LREB drops Sh2.8b bank project, opts for Sacco
Lake Region Economic Bloc (LREB) has dropped its long-term plans to set up a multi-billion-shilling regional bank after the Office of the Controller of Budget declined to approve the idea.
Sources close to the project told the Business Hub that the bloc lacks legislative backing to allow member counties to collect funds for the project.
Victor Nyagaya, LREB chief executive said each member county was to contribute Sh200 million for this ambitious project whose plans were conceived years back. “It is only Kisumu County that has since contributed Sh100 million to the bank’s kitty. The rest had not,’’ disclosed the source.
The bloc brings together Kisumu, Kakamega, Kericho, Busia, Nandi, Migori, Homabay, Siaya, Kisii, and Nyamira. Others are Bungoma, Tranzoia, Vihiga, and Bomet counties.
Nyagaya told the press in an interview, LREB was formed in 2018 to foster economic development in the great lake’s region. Member counties were banking on the proposed Sh2.8 billion-regional bank to avail low interest loans to its people.
“Our aim was to set up a bank that would support small and medium enterprises to spur economic growth,’’ said the CEO. However, Nyagaya said counties like Kakamega, Busia and Kericho were in the process of contribution.
“Controller of the Budget advised LREB members against indulging in such financial transactions, it termed illegal,’’ he said. This is because of a lacuna in law, defining the parameters of the bloc’s binding activities and rules of member’s engagement.
The LREB Bill has been pending in Parliament for the last five years. It is now in the Senate awaiting approval. The bloc needed the approval of at least six of the counties to be recognised as a legal entity, a threshold that they had met.
Members of the bloc will have to wait until the Bill is enacted into law, before they can engage in any financial transaction.This is due to the financial caveat placed by the Controller of the Budget, that warns any transfer of cash to the kitty now is illegal.
Stunned by the development, LREB leaders of the bloc have now opted for a savings and credit cooperative society (Sacco) to sustain the bloc’s economic model. Already, the bloc has done the legal paperwork, to allow them register the bloc’s co-operative Sacco formally.
“We want to start with the Sacco and then build it slowly to graduate into a bank, ultimately,’’ Nyagaya said. He acknowledged that this is a long route though, but they opt to grow it to achieve the ultimate goal – set up a regional bank.

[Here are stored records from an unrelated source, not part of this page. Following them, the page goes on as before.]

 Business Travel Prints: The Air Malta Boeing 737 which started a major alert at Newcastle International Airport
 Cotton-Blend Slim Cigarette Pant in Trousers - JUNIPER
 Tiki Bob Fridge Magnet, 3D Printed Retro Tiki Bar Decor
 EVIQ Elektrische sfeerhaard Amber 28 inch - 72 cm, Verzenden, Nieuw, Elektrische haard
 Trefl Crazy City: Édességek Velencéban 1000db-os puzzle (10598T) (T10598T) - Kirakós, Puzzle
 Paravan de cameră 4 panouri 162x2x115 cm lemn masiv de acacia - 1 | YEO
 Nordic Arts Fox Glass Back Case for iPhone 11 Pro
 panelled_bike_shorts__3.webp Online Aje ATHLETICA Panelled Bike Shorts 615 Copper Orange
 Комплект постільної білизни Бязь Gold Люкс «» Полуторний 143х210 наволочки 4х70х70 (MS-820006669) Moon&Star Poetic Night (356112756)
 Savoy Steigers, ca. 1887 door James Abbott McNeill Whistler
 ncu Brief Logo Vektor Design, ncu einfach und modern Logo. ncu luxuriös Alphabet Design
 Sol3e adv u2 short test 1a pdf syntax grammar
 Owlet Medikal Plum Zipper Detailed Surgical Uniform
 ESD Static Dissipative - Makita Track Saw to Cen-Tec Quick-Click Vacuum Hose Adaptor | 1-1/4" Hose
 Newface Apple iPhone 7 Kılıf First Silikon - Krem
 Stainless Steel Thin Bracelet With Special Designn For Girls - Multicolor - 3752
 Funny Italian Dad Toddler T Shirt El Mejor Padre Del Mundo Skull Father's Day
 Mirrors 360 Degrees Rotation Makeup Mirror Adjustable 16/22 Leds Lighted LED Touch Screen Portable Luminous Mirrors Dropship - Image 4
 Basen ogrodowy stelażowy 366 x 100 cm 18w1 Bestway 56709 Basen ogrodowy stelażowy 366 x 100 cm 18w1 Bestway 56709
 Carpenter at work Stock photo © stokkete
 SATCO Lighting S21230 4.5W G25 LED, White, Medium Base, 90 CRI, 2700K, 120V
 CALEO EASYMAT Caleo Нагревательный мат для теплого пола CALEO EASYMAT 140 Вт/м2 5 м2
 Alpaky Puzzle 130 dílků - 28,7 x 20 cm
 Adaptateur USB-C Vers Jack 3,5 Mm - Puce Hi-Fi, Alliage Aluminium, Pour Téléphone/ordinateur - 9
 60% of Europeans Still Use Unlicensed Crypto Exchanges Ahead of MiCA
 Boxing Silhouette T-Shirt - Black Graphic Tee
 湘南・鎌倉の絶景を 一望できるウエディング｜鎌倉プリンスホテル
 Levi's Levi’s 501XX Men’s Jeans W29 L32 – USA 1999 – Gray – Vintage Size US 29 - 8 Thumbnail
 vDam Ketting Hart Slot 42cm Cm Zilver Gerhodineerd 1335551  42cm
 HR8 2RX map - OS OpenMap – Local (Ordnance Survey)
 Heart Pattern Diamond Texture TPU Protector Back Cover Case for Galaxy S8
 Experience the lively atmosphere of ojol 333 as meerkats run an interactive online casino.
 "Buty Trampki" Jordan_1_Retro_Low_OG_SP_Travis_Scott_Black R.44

Earlier, the bloc contracted a consultancy firm Deloitte to help it identify an existing bank for acquisition. Deloitte had begun to negotiate with four banks to choose one LREB could buy its controlling shares, before they were stopped.
Currently, Kisumu Governor Prof Anyang Nyong’o, chairs LREB council. He took over from former Kakamega Governor Wycliffe Oparanya, whose term expired at the end of his ten years in tiller.
“As things stand, LREB headquarters is starved of funds. They only rely on partners to finance some of its projects,’’ the CEO said.
Although, they have a number of good projects, the office domiciled in Kisumu County, has to work with partners or fail.
Luckily, Nyagaya disclosed that many development partners who liked their model were coming on board with collaborative projects.
“We have partners funding our proposals directly and this has seen us hold summits and some projects fruitfully,’’ he said.
Nyong’o is optimistic that the bloc’s vision will not be dimmed, in the long run, adding, “We will achieve our desires, however long it takes.’’
The Lake Region is one of the most densely populated regions of Kenya with 14.9 million people who constitute about 31.4 percent of the population in Kenya.
Early this year as part of its ongoing efforts to promote digital transformation at county level, Safaricom entered into a partnership with LREB to implement various initiatives aimed at accelerating the region’s adoption of technology. The initiatives implemented under myCounty App include digitising the counties.